На самом же деле это толкование как раз снижает и притупляет истинную остроту повести. Ведь Акакий Акакиевич в конце концов взбунтовался отнюдь не против «значительного лица». Бунт Акакия Акакиевича — подобно бунту Евгения в «Медном всаднике» — направлен, по существу, против самого государства, пусть оно даже в глазах Акакия Акакиевича и представало прежде всего в образе «значительного лица».

«Медный всадник» вспоминается здесь отнюдь не всуе. Как и в пушкинской поэме, в «Шинели» несомненно выступают три «феномена» — «маленький человек», Государство и, так сказать, Стихия, которую Государство не в силах покорить, победить.

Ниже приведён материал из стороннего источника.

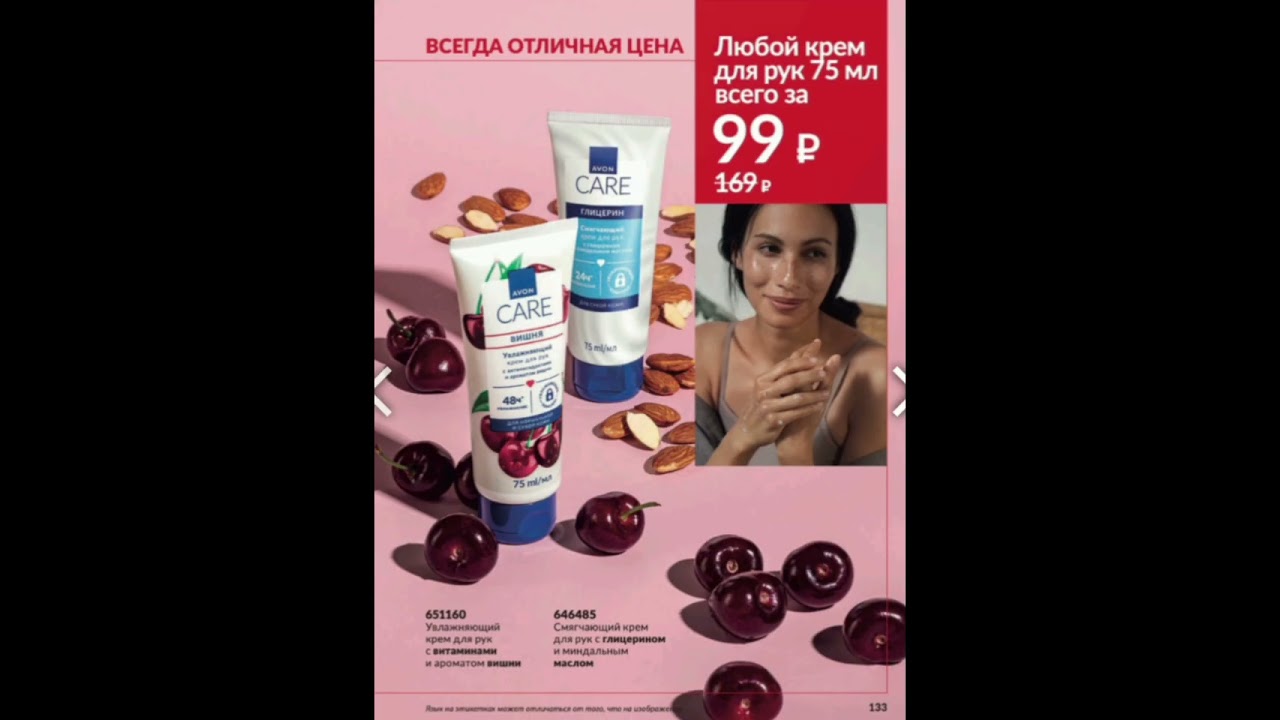 Шикарный каталог  AVON / Сентябрь 🍁 2025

Акакий Акакиевич предстает в начале повести как мельчайшее колесико в государственном механизме — притом колесико, довольствующееся своей ролью: «Мало сказать: он служил ревностно, нет, он служил с любовью. Там, в этом переписывании, ему виделся какой-то свой разнообразный и приятный мир… Акакий Акакиевич если и глядел на что, то видел на всем свои чистые, ровным почерком выписанные строки… Приходя домой, он… переписывал бумаги, принесенные на дом. Если же таких не случалось, он снимал нарочно для собственного удовольствия копию для себя, особенно если бумага была замечательна не по красоте слога, но по адресу к какому-нибудь новому или важному лицу… Написавшись всласть, он ложился спать, улыбаясь заранее при мысли о завтрашнем дне; что-то Бог пошлет переписывать завтра. Так протекала мирная жизнь человека, который с четырьмястами жалованья умел быть довольным своим жребием, и дотекла бы, может быть, до глубокой старости, если бы не было разных бедствий…»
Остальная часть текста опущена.